La brecha entre el campo y la ciudad es histórica, generacional, sexual, social, económica y digital, pero se ha venido engordando con binarismos imperfectos o abiertamente falsos, de enorme eficacia comunicativa y política: lleno-vacío, abundante-escaso, rápido-lento, industria-sector primario, avance-retroceso, centro-periferia o cultura-naturaleza. Algunos presentaban estas dicotomías como un diagnóstico pretendidamente aséptico y cientificista, pero los hechos aislados no existen, así que fue fácil esencializarlos, rigidificarlos y ponerles etiquetas: los de arriba-los de abajo, ricos-pobres, amos-esclavos, mejor-peor. Era de esperar que ese discurso acabara colonizado por la división entre progresistas y conservadores y que, finalmente, los ultras lo utilizaran para confrontar a la izquierda pija-woke de las ciudades con la derecha antisistema del campo. Poco importa ya qué se quiera decir con eso y si hay algo atendible o no. Lo importante es que con esa magistral simplificación en tres actos han logrado remarcar las fronteras interiores con un trazo indeleble; han redefinido y jerarquizado mapas y territorios; y han ofrecido unas certezas identitarias que rentabilizan como nadie. Han rescatado para la política un elemento emocional negativo que permite reforzar la espiral de inclusión-exclusión y han dejado que la retórica victimista hiciera el resto.
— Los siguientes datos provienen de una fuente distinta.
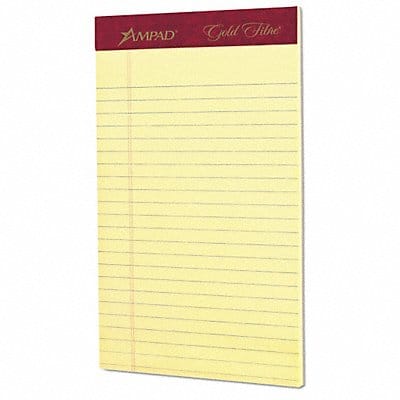 Perforated Legal Pad 8 X5 Canary PK12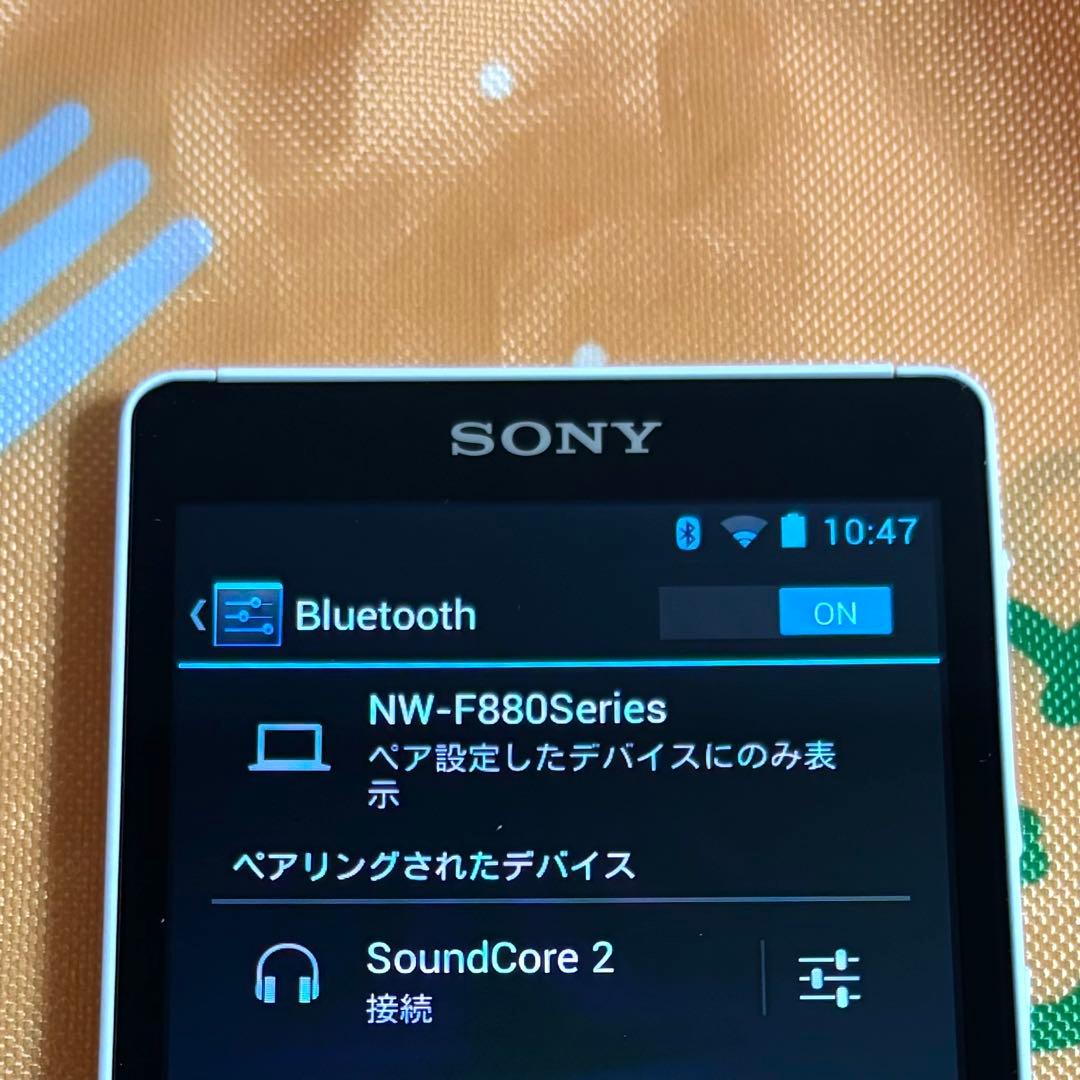 【美品】SONY ウォークマン　NW-F885 16GB しろ　5009
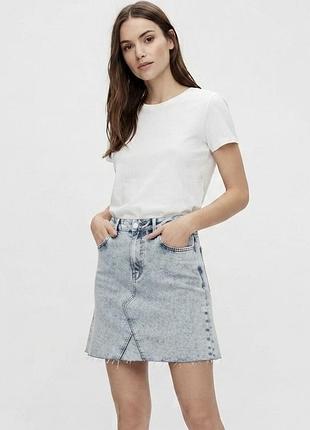 Жіноча джинсова міні спідниця denimco , розмір 12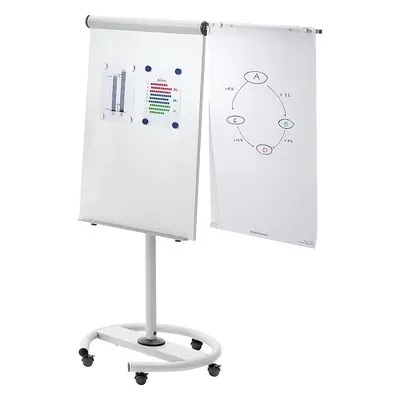 Flip-chart multiusos, móvil, sentado, como mesa, panel de A x H 680 x 1040 mm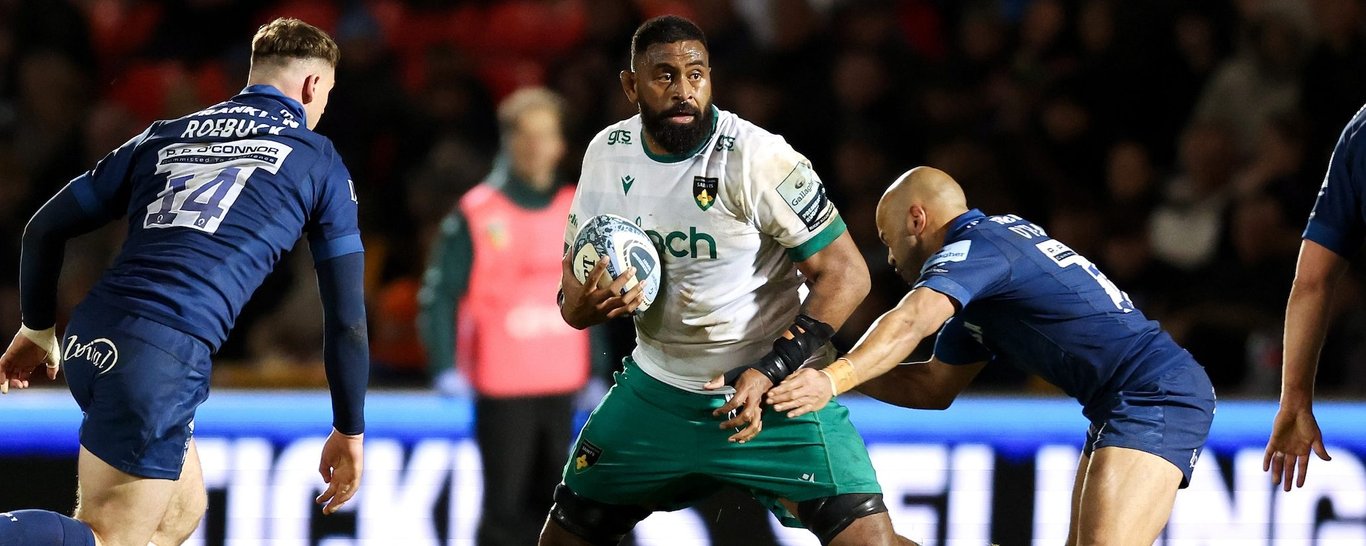 Temo Mayanavanua of Northampton Saints
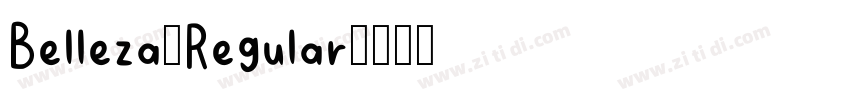 Belleza-Regular字体转换 Belleza-Regular字体转换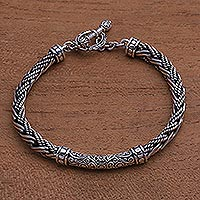 Sterling silver pendant bracelet, Fascinating Curls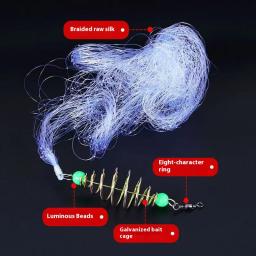 Flutuante Jogando Rede De Pesca, Explosão Gancho Mesh Trap, Fishnet Suprimentos, Acessórios para Pescador - Image 2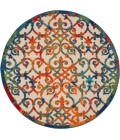 Nourison Aloha Round Area Rug ALH21-Multicolor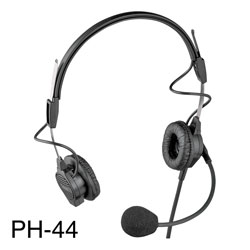 RTS PH-44 HEADSET 150 ohms, with 200 ohms mic, straight cable, XLR 4-pin female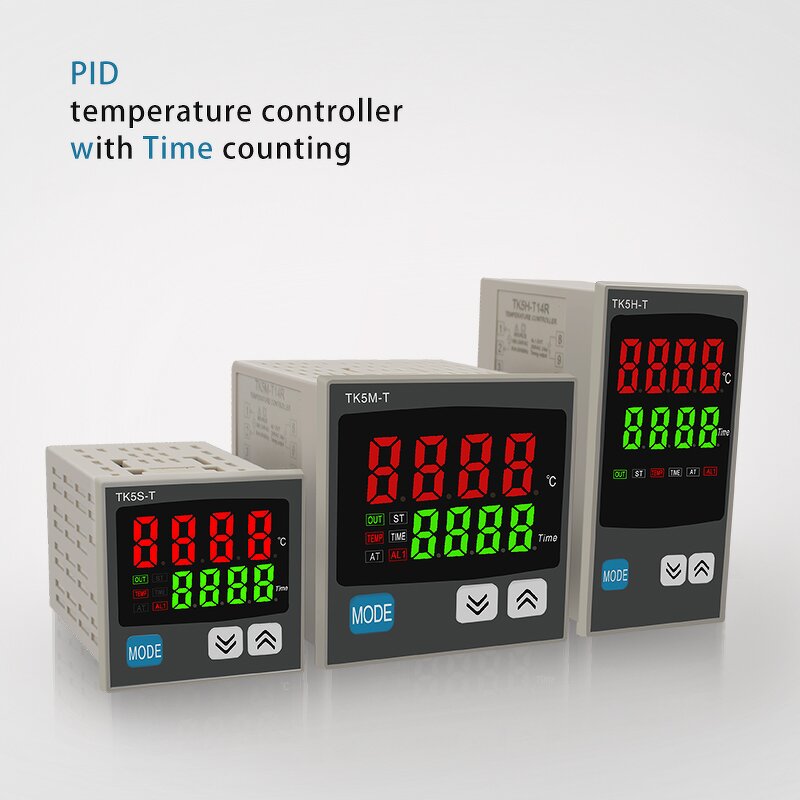 FCGK 48x96 Digital Intelligent PID Temperature Controller - with Timer DC24V AC110-220V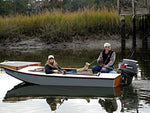 The Cackler 14 is also a great place to fish from. Lots of room in the cockpit to spread out.  Thumbnail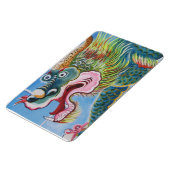 Chinese foo Dog/Lion Guardian Mural Magneet (Linkerzijde)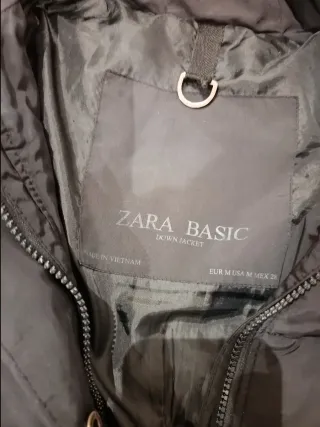 Abrigo Zara Negro Mujer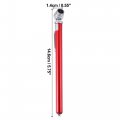 X Autohaux 2pcs 10-100psi Dual Head Stainless Steel Truck Pen Tyre Tire Air Pressure Gauge Grip For Bike Atv Car Suv Large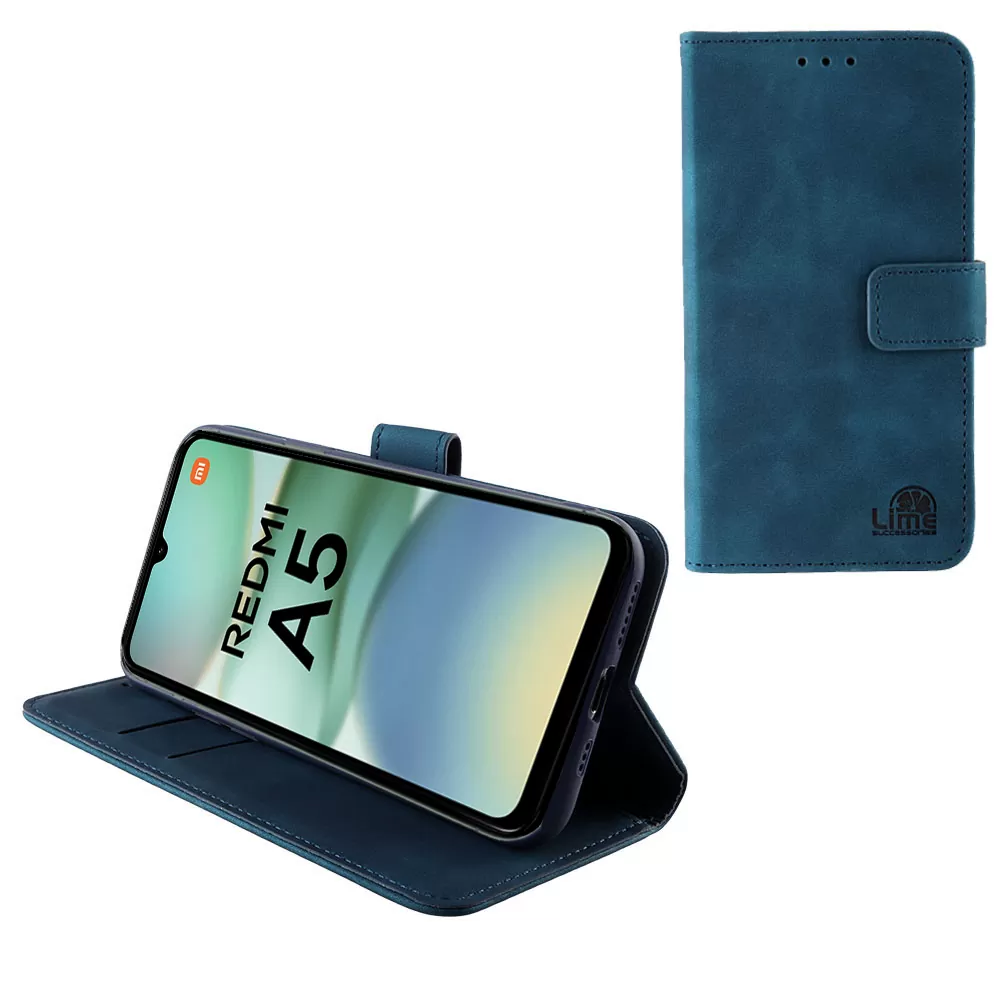 LIME ESSENTIAL ΘΗΚΗ XIAOMI REDMI A5 4G 6.88in  MAGNET BOOK STAND CLIP DARK BLUE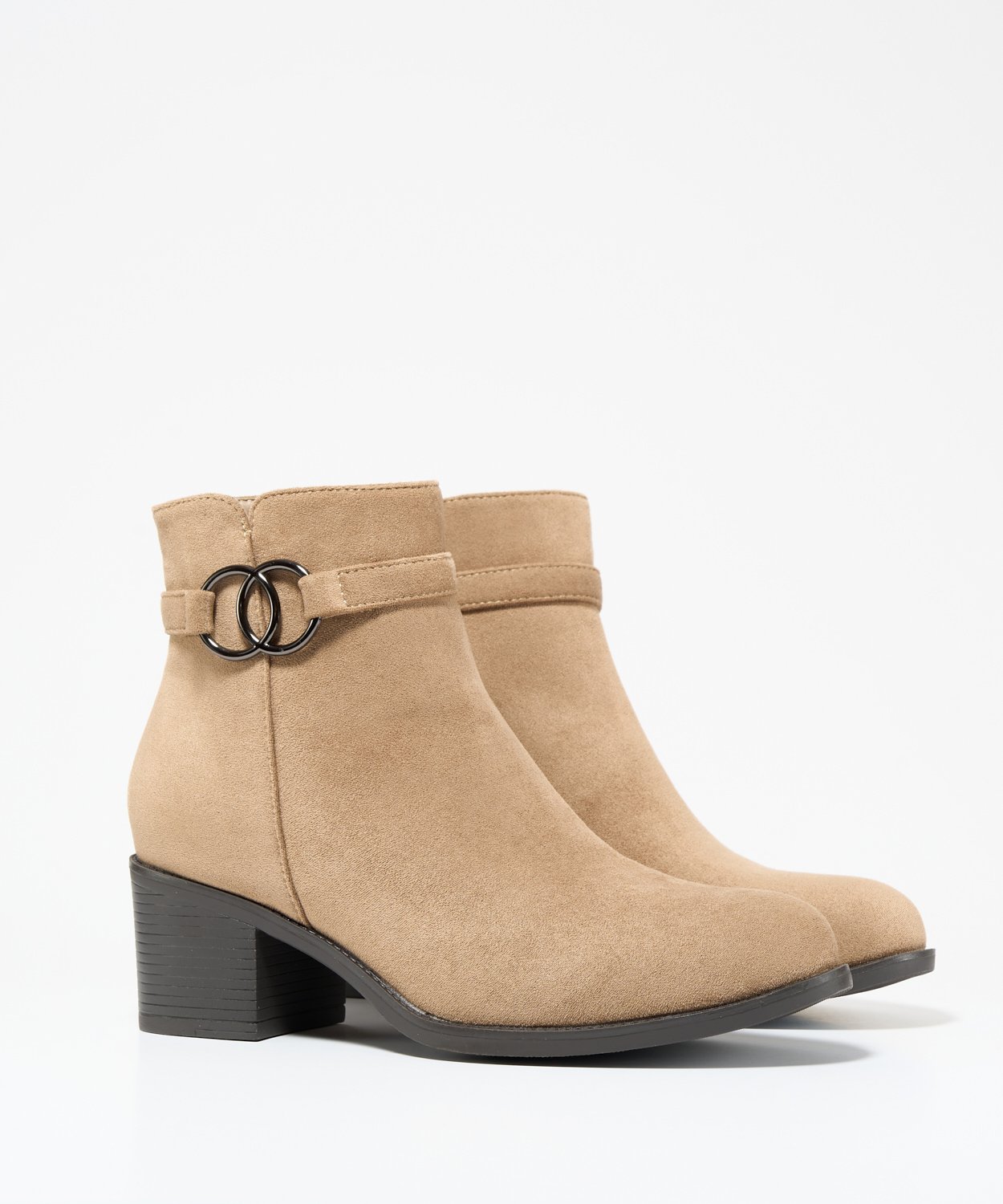 Botines tacón hebilla image number null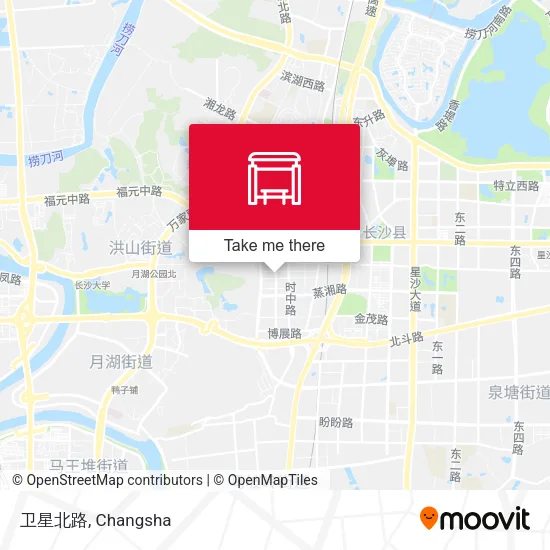 卫星北路 map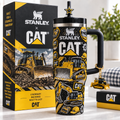 Cat Caterpillar 40oz Tumbler With Handle TTNL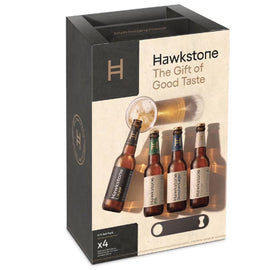 Hawkstone 'The Gift of Good Taste' Gift Pack, 4 x 330ml Bottles, Pint Glass & Bottle Openor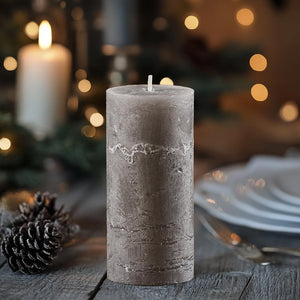 Rustic Pillar Candle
La pregunta es dónde están y, sobre todo, dónde quieren estar las izquierdas en un debate que se les escapa y que resulta cada vez más determinante. Si se van a centrar solo en las vulnerabilidades urbanas o van a fomentar la solidaridad entre todas las personas vulnerables. Si van a ser capaces de ofrecer salvaguardas que se acomoden a las exigencias y las expectativas del campo. Acompasar la transición energética y la soberanía alimentaria evitando las coacciones y las prisas que rompen sus costuras. Repartir las cargas y las responsabilidades renunciando a las zonas de sacrificio y a la política colonial que destina unos territorios a la producción y otros al consumo. Asumir que la autonomía estratégica exige más contención productiva y más productos propios porque eso es lo más barato y sostenible.
La extrema derecha cabalga hoy a los hombros de un gigante para restaurar desde ahí el liberalismo económico, el conservadurismo moral y el autoritarismo político, pero la gente del campo ni es atrasista, ni es, por definición, de derechas. Bastaría con escucharla para recuperar lo perdido.